(excerpts from the Preface of Conifers Around the World)
Bringing this book project to fruition has been part of a decades-long labor of love exploring and documenting woody plants and their habitats across the temperate zones. We have spent over 2000 days in the field over a period of 16 years (1990–2006), visiting many regions and countries on every continent except Antarctica. We have been supported by colleagues, scholars, local guides and enthusiasts, and over 160 fieldwork volunteers and many others who believed in and made valuable contributions to this project, and now we wish to share our efforts with you. This new publication, begun in 2003, is a much-expanded English-language version of Fenyők a Föld Körül (Conifers Around the Earth), which we published in 2000 in Hungarian, and it covers most of the conifers native to the temperate and adjacent regions of the world (over 500 taxa) presented in more than 3700 color photographs. Distribution maps of all discussed taxa, habitat photographs, a Bark Gallery, and nearly 1300 morphological drawings are also included.

Fieldwork is the foundation upon which this book is built. It was important to us to document these conifers primarily in their natural habitats, which provides the broadest context for their study. Finding, photographing, and collecting hundreds of taxa required extensive travel. For example, just in order to find some missing links in the documentation since the publication of Fenyők a Föld Körül, our itinerary (which completed most of the fieldwork for this edition) included travel to China and Mexico three times and Vietnam twice, as well as single trips to the southwestern United States, Canada, the West Indies, Nepal, Himachal Pradesh and Sikkim in India, Central Asia, and North Africa.
Publication of this book represents an important milestone on the road to a long-envisioned but not-yet-realized goal: a comprehensive and richly illustrated “dendrological atlas”. We began our scientific documentation of woody flora (dendroflora) in the 1970s at the Botanical Department of the Museum of Natural History in Budapest, Hungary. As part of a small team working in the field and in arboreta to document as much of the temperate-world dendroflora as possible, we envisioned incorporating our artist team’s detailed drawings and photographs into this atlas. Our extensive research travel had already revealed how rapidly our natural world is shrinking, and photographing undisturbed habitats became a major task with the goal that the best sites would be recorded and presented to the public as an educational tool. We also needed detailed photographs of the forest’s woody components, which (along with the herbarium specimens) helped the artist team to complete 3-dimensional compositions. Toward this end, we launched the ongoing Dendrological Documentation Project (DDP).

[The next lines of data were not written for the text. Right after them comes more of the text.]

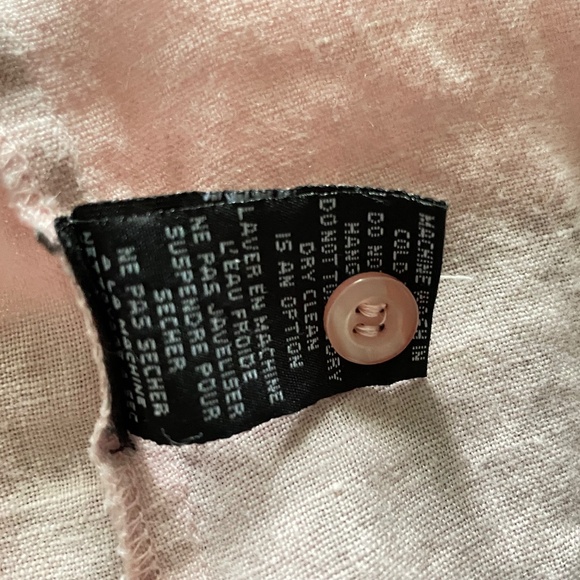 Rudsak linen shirt - Picture 4 of 4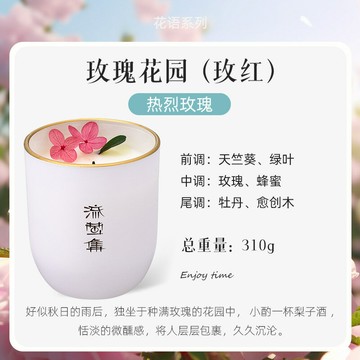 香氛蠟燭 節日送禮 交換禮物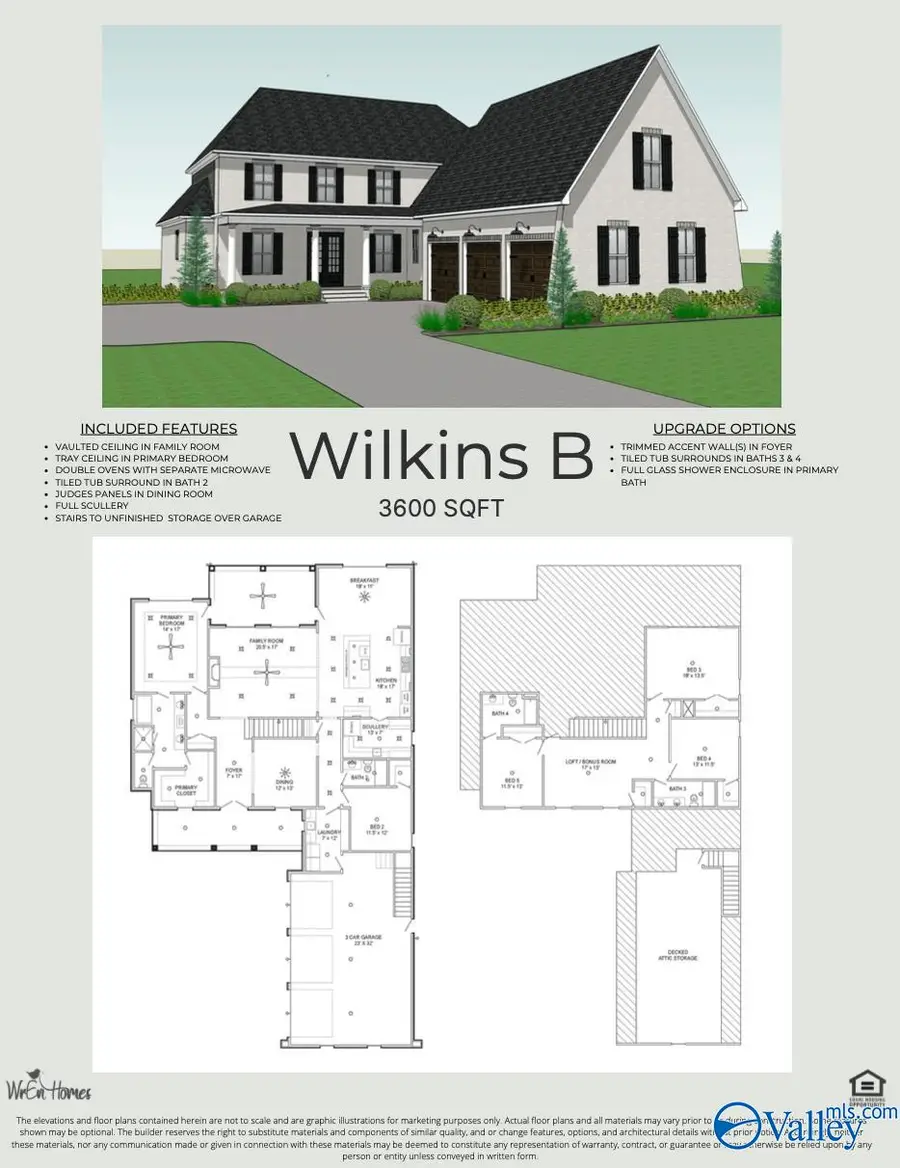 26 Belle River Way, Gurley, AL 35748 - Image #2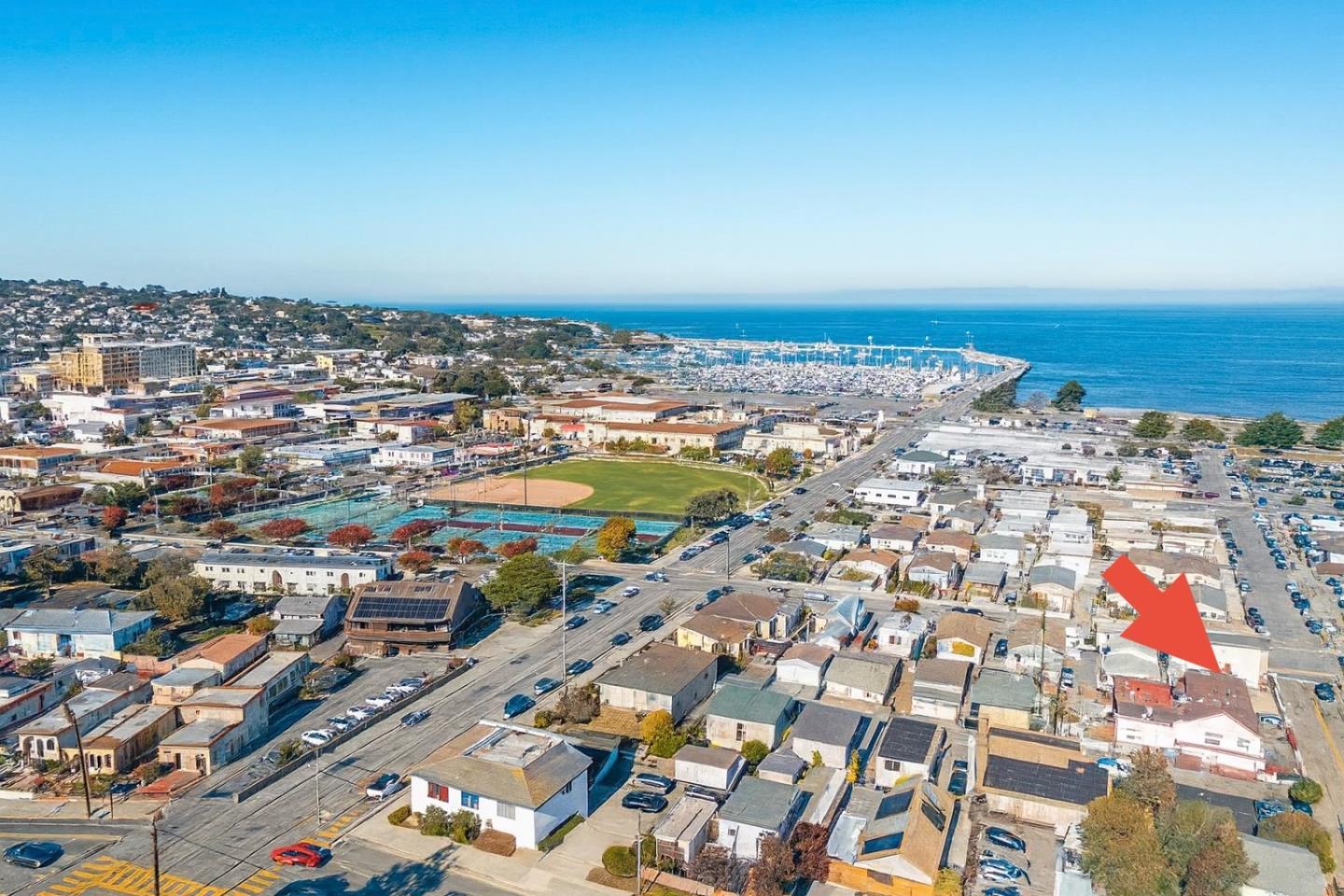 Detail Gallery Image 24 of 32 For 518 Cortes St, Monterey,  CA 93940 - 2 Beds | 1 Baths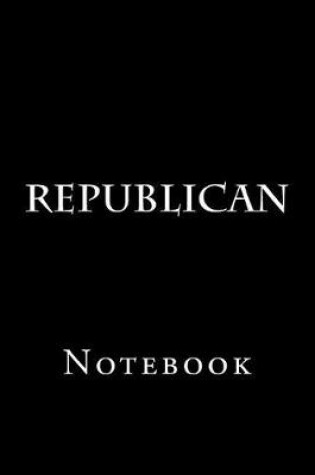 Cover of Republican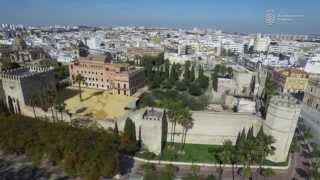 Alcázar de Jerez Español [upl. by Halbeib359]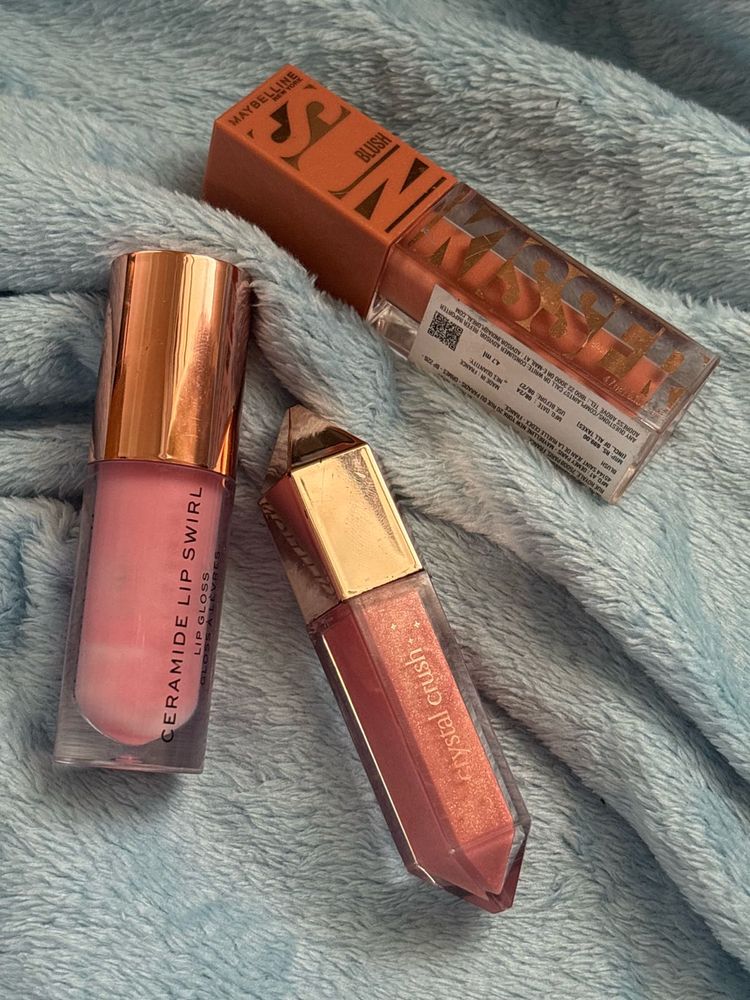 lip gloss set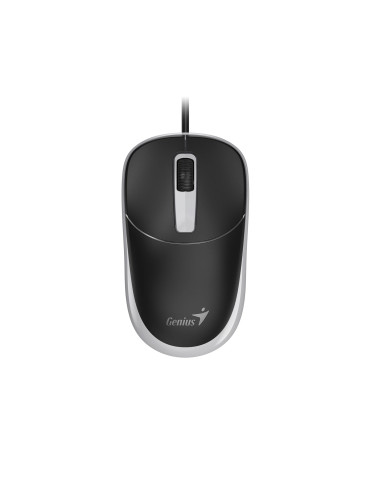 Мишка Genius DX-123 Grey, USB-C - GENIUS-DX-123-GREY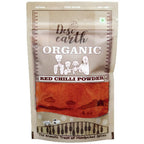 Desi Earth Organic Red Chilli Powder | Grocsy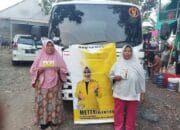 Hujan Tak Kunjung Turun, Teh Metty Golkar Kirim Bantuan Air Bersih ke Peloksok Rawan Kekeringan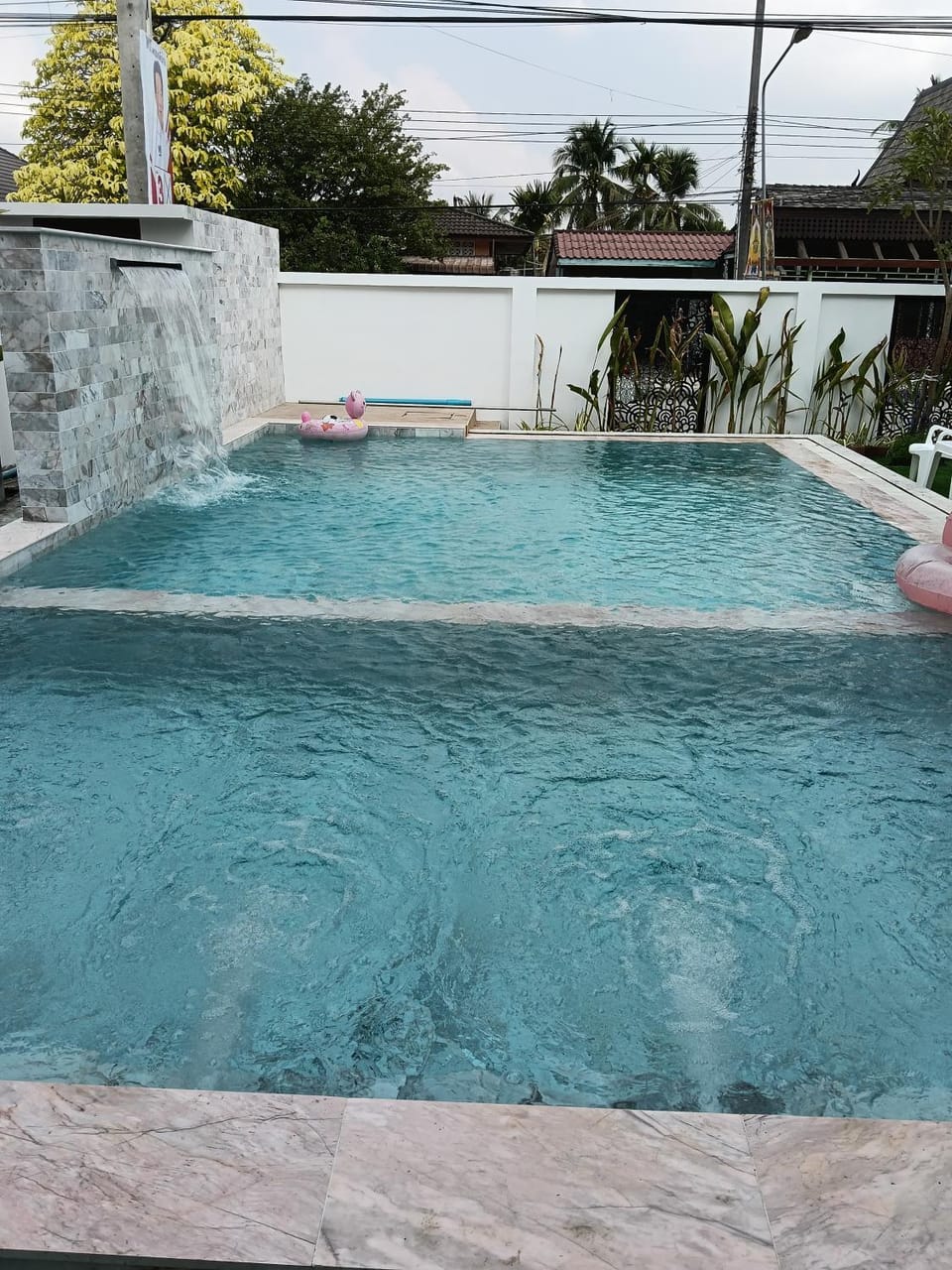 Day, Natural landscape, Hot Tub, Pool view, Swimming pool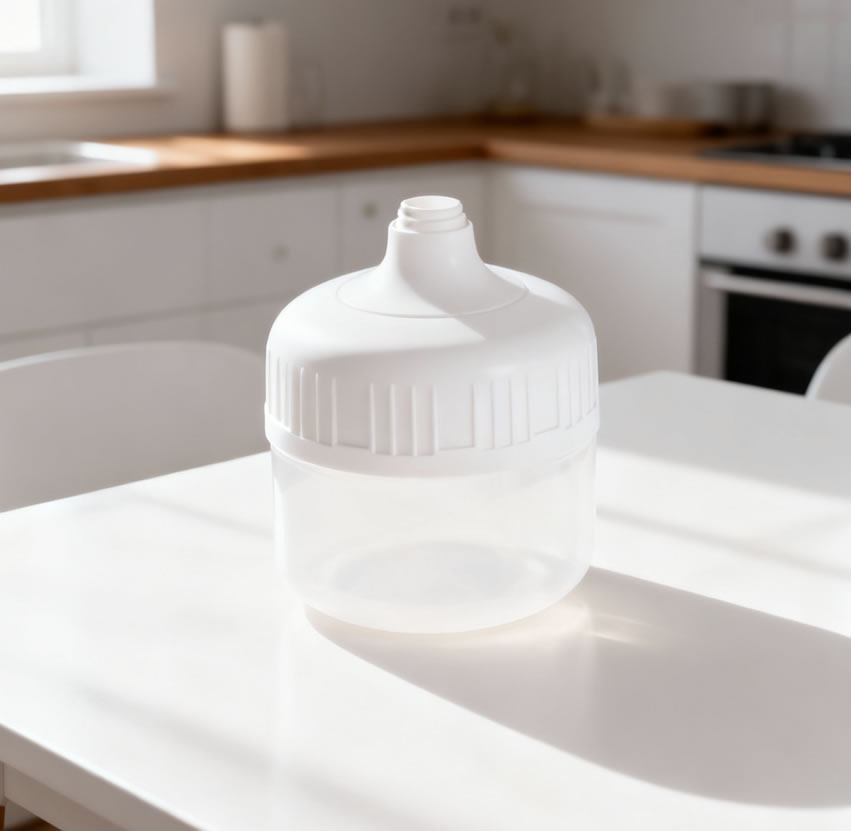 Moldes de Inyección Precisos PC/PBT para Lámparas en China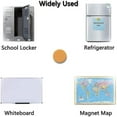 thumbnail image 4 of Pack Of 60 Magnets, Whiteboard Magnets, Magnets For Magnetic Board, Magnets, Fridge, Colourful Roun, 4 of 5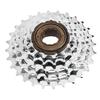Bike Flywheel Mountain Bike 5 Speed Flywheel Replacement Accessories 14‑28T For Mountain Bikes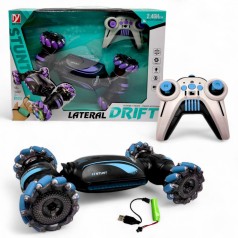 Машина всюдихід на радіокеруванні (Блакитний)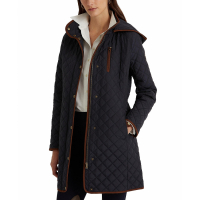 LAUREN Ralph Lauren Women's Quilted Coat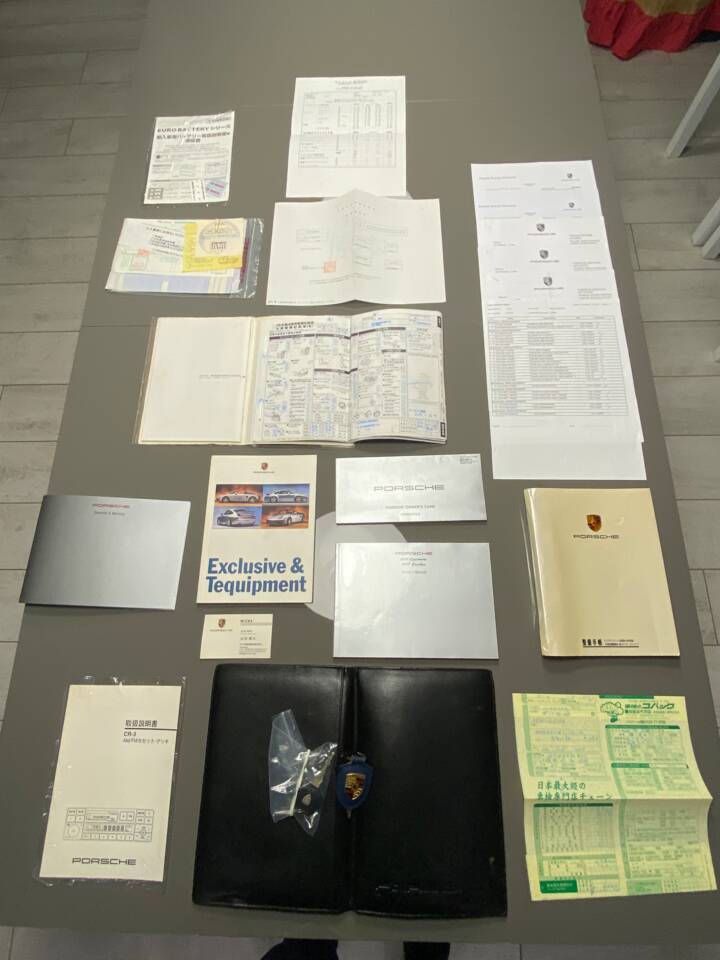 Bild 71/74 von Porsche 911 Carrera S (1997)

In 1988, our team received a Mercer Fellowship to the Arnold Arboretum of Harvard University, and in 1991 we were involved in the formation of the International Dendrological Research Institute (IDRI), which has allowed us to continue our DDP work. A Massachusetts-based nonprofit organization dedicated to research and education, IDRI’s primary focus has been on completing the documentation of the temperate gymnosperms and their habitats. Gymnosperms, a comparatively smaller group numbering nearly 1200 taxa worldwide, are distinct from flowering plants (angiosperms, est. >400,000 species) in that their seeds (or at least their ovules) are not enclosed in a carpellary structure (gymno=naked, sperma=seed). In the systematic ordering of temperate dendroflora, gymnosperms come first, and conifers, with about 800 taxa, are the largest group of gymnosperms (others are cycads, Ephedra, Gnetum, Welwitschia, and Ginkgo). Traditional ordering aside, however, we had many other compelling reasons to focus on conifers.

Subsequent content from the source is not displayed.